De Larminat, lui, survit. Il écrit ses chroniques irrévérencieuses, publiées chez Plon en 1962, où il règle ses comptes avec l’histoire et avec certains de ses contemporains, avec la causticité qu’on lui connaissait. Général d’armée depuis 1953, premier président de l’Association des Français libres, il reste la mémoire vivante de ce que la France libre a été. Puis arrive la guerre d’Algérie et, avec elle, un drame d’une nature différente.

En avril 1961, des généraux français, Challe, Jouhaud, Zeller, Salan, se mutinent à Alger. Ils refusent l’indépendance algérienne, prennent le contrôle de la ville pendant quatre jours, puis capitulent. C’est le putsch des généraux. Il faut les juger.
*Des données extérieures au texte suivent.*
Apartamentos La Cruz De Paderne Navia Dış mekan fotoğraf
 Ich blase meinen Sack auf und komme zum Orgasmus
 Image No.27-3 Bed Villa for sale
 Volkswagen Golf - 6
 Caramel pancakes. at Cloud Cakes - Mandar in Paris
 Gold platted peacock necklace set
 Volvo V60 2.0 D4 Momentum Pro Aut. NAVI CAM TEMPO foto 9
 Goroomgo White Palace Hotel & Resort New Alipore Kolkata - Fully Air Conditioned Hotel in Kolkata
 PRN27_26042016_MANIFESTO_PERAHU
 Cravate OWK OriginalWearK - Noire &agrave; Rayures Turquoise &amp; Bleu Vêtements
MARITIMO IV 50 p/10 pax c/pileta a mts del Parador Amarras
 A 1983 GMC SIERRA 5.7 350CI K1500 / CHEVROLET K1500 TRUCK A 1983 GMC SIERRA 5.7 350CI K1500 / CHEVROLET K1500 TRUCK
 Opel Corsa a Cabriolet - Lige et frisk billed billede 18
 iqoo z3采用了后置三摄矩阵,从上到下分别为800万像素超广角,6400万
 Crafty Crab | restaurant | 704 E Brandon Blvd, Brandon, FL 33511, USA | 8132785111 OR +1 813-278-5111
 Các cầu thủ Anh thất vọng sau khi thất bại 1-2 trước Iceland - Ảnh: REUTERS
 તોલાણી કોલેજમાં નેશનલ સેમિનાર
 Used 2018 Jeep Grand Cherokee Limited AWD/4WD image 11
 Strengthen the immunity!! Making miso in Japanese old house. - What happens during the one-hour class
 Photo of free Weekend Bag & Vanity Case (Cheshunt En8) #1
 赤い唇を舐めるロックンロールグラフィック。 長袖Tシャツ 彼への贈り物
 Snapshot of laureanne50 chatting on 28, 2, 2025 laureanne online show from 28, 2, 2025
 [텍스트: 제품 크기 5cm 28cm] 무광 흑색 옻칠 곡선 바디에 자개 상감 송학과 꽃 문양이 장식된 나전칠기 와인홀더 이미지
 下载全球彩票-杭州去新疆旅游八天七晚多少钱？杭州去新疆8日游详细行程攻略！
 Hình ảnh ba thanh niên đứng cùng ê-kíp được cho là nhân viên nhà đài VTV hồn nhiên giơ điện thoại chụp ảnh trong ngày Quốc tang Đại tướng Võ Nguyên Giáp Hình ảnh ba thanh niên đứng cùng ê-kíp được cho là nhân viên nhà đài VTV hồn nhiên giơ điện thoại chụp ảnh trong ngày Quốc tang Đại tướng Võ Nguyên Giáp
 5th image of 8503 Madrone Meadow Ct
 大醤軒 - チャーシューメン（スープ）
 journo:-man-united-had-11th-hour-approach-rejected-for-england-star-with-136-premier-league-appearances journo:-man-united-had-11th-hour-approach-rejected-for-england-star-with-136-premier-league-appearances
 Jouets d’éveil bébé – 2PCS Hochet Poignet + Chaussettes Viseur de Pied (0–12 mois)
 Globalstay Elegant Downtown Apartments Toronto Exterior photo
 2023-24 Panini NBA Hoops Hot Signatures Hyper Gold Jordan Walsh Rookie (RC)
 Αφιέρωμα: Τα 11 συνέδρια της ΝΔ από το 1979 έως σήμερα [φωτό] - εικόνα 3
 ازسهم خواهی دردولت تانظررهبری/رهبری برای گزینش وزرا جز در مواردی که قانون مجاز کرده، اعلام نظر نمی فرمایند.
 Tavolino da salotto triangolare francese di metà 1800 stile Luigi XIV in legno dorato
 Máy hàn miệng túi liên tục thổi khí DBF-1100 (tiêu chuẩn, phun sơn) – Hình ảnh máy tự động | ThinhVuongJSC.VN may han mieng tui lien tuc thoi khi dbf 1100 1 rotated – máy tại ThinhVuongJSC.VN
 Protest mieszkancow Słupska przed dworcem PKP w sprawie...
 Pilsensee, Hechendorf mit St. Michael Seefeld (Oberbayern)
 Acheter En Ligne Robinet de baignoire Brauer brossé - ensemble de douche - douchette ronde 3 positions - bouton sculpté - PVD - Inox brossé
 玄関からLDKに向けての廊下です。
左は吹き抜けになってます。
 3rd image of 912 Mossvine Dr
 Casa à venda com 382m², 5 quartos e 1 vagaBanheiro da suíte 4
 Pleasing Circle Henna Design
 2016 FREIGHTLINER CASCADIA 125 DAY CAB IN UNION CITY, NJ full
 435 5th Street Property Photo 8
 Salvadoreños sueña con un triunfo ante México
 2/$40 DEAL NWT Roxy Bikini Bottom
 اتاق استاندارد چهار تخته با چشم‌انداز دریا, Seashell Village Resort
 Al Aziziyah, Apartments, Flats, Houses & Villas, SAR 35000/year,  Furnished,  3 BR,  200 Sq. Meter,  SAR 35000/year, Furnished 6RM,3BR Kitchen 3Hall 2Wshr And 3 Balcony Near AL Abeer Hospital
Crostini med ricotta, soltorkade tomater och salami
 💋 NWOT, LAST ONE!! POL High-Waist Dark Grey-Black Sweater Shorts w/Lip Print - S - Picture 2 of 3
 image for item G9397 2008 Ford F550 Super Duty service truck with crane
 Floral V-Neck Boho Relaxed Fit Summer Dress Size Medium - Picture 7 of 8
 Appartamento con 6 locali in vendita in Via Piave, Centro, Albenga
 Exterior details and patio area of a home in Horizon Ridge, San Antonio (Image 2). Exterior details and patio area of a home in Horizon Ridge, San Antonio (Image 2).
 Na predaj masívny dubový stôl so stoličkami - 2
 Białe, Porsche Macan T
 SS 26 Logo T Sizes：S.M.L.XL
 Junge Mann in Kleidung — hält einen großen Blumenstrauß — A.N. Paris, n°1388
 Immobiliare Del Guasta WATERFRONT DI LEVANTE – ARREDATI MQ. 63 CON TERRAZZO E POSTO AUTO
Et de Gaulle, qui connaît la valeur symbolique des gestes, charge l’un des derniers grands témoins de la France libre de présider le tribunal militaire : Edgar de Larminat. Le 1er juillet 1962, avant même que le tribunal ne se réunisse, de Larminat se suicide à Paris. Il a 66 ans. Les explications données par son entourage convergent : il craignait de ne pas avoir la force physique et morale de mener à bien cette mission.

Juger des officiers français qui avaient combattu pour la France, même s’ils avaient eu tort, était pour lui un fardeau insupportable. Il y a une ironie cruelle dans cette fin. Lui qui avait été emprisonné par ses propres supérieurs en juin 1940 pour avoir voulu continuer à se battre. Lui qui avait traversé des frontières dans la nuit pour rejoindre une cause que presque personne ne croyait possible.

Lui qui avait refusé de défiler avec ceux qui avaient failli se retrouvait, 22 ans plus tard, chargé de juger d’autres officiers qui avaient, à leur façon, refusé les ordres qu’ils estimaient injustes. La ligne entre la désobéissance honorable et la rébellion inadmissible, il l’avait tracée lui-même en 1940. Et en 1962, c’est lui qu’on chargeait de la faire respecter. Deux hommes, une même France libre.

Des chemins qui se croisent à Tunis le 20 mai 1943 et qui ne se croiseront plus jamais vraiment.